Q. \[ \mathrm{HNO}_3 + \mathrm{H}_2\mathrm{O} \]

Step 1. Write the molecular equation for mixing nitric acid with water. The acid molecule and the water molecule react to produce the hydronium ion and the nitrate ion. In display form, the reaction is

\[ \mathrm{HNO}_3 + \mathrm{H_2O} = \mathrm{H_3O}^+ + \mathrm{NO}_3^- \]

Step 2. Identify the acid and the base. Nitric acid, \( \mathrm{HNO}_3 \), is a strong acid. Water, \( \mathrm{H_2O} \), acts as a base by accepting a proton. The conjugate base of nitric acid is the nitrate ion, \( \mathrm{NO}_3^- \), and the proton transferred to water produces the hydronium ion, \( \mathrm{H_3O}^+ \).

Step 3. Show the dissociation of the acid into ions, and the protonation of water. Writing the same processes as separated ionic steps gives

\[ \mathrm{HNO}_3 = \mathrm{H}^+ + \mathrm{NO}_3^- \]
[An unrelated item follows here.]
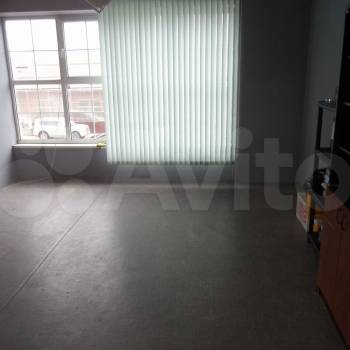 Сдается Нежилое помещение, 300 м²
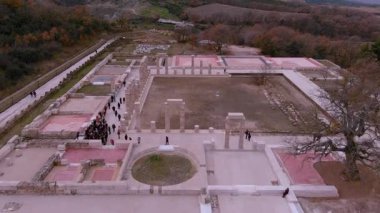 Vergina, Yunanistan -5 Ocak 2024: 16 yıllık restorasyondan sonra Aigai Sarayı 'nın havadan görünüşü. Saray Büyük İskender 'in Makedonların kralı olarak taç giydiği yer.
\[ \mathrm{H}^+ + \mathrm{H_2O} = \mathrm{H_3O}^+ \]

Step 4. Combine the ionic steps to recover the molecular reaction. Substituting the proton transfer into the dissociation yields the overall aqueous equation already given in Step 1,

\[ \mathrm{HNO}_3 + \mathrm{H_2O} = \mathrm{H_3O}^+ + \mathrm{NO}_3^- .\]

Step 5. Check mass and charge balance. Count atoms on each side: one nitrogen, one hydrogen from the acid plus two hydrogens from water give three hydrogens total, three oxygens, so atoms are balanced. Net charge on the left is 0. Net charge on the right is \(+1\) from \( \mathrm{H_3O}^+ \) and \(-1\) from \( \mathrm{NO}_3^- \), giving total 0. Charges are balanced.

Step 6. Interpret the result. Because \( \mathrm{HNO}_3 \) is a strong acid in water, it effectively dissociates completely to give \( \mathrm{H_3O}^+ \) and \( \mathrm{NO}_3^- \). The molecular equation in aqueous solution is the correct representation of this proton transfer.